Alors considérer le sexe comme une monnaie d’échange n’a plus de sens. Voire, maintenant que le jeu des cartes économiques a été bien mélangé et largement égalisé, continuer à considérer le sexe comme une monnaie d’échange nuit à la confiance en soi et à la santé émotionnelle des femmes aussi bien que des hommes.

Au sens de la pyramide des besoins de Maslow, cela signifie que l’on n’a plus besoin du sexe pour subvenir à nos besoins physiologiques ou nos besoins de sécurité. On peut donc monter d’un ou deux étage et employer le sexe pour nourrir nos besoins d’affection et d’estime de soi.

Ce que Millar propose — de façon assez radicale — c’est de considérer le sexe comme une performance artistique, comme une activité à laquelle on s’adonne juste comme ça, pour s’exprimer, pour le plaisir, pour l’intimité.

Quand on considère le sexe comme une monnaie d’échange, c’est le plus souvent dans l’intérêt des femmes et des hommes que de cacher ou déguiser leurs
intentions pour donner l’impression d’une valeur marchande plus élevée et tirer le meilleur parti de l’interaction. Et comme je l’ai décrit ailleurs, ceci conduit à toutes sortes de processus néfastes qui rendent la vie amoureuse si compliquée et qui abîment la confiance en soi et les liens intimes.

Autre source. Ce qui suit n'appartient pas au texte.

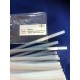 Lasdraad kunststof PP wit plat 1,6x10mm (450gr)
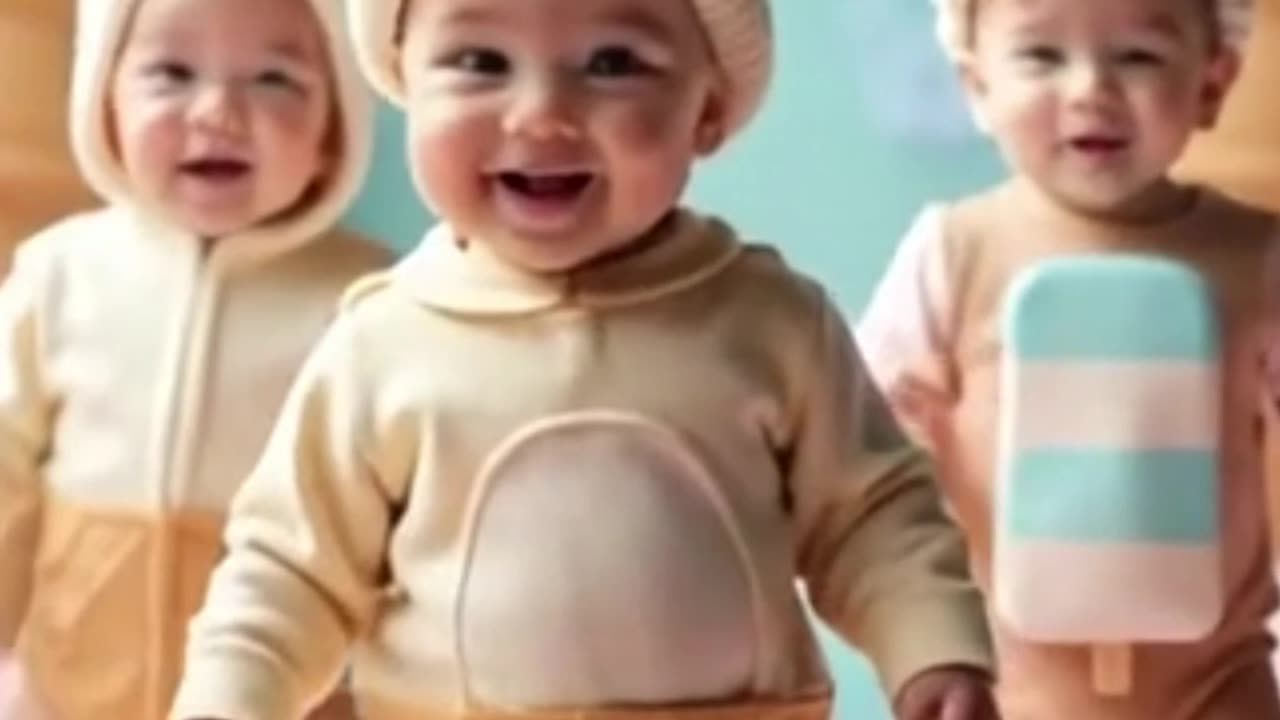 Sweetest Baby Fashion Show: Ice Cream-Themed Outfits That Will Melt Your Heart 🍦🍨🍭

Quand on considère le sexe comme un acte artistique gratuit, alors l’intérêt des femmes aussi bien que des hommes, c’est d’y aller cartes sur table, sans honte et sans jugement — comportements grâce auxquels on sait bien que nous sommes plus séduisant.e.s, le sexe est plus satisfaisant, et les ambiguïtés sur les intentions des un.e.s et des autres disparaissent.

Verra-t-on un jour l’avènement d’un modèle où le sexe est à 100% considéré comme une performance artistique ? Probablement pas. Malgré la contraception et la médecine, le sexe sera toujours plus risqué pour les femmes. Les hommes et les femmes auront toujours des libidos différentes. Mais c’est un idéal. Et comme tout idéal, il faut s’efforcer de l’atteindre même s’il est inatteignable. Pour le bien de tout le monde.

Alors peut-être que les générations futures n’auront pas à subir le même lavage de cerveau que nous autres à coup de Disneys et de contes de fées.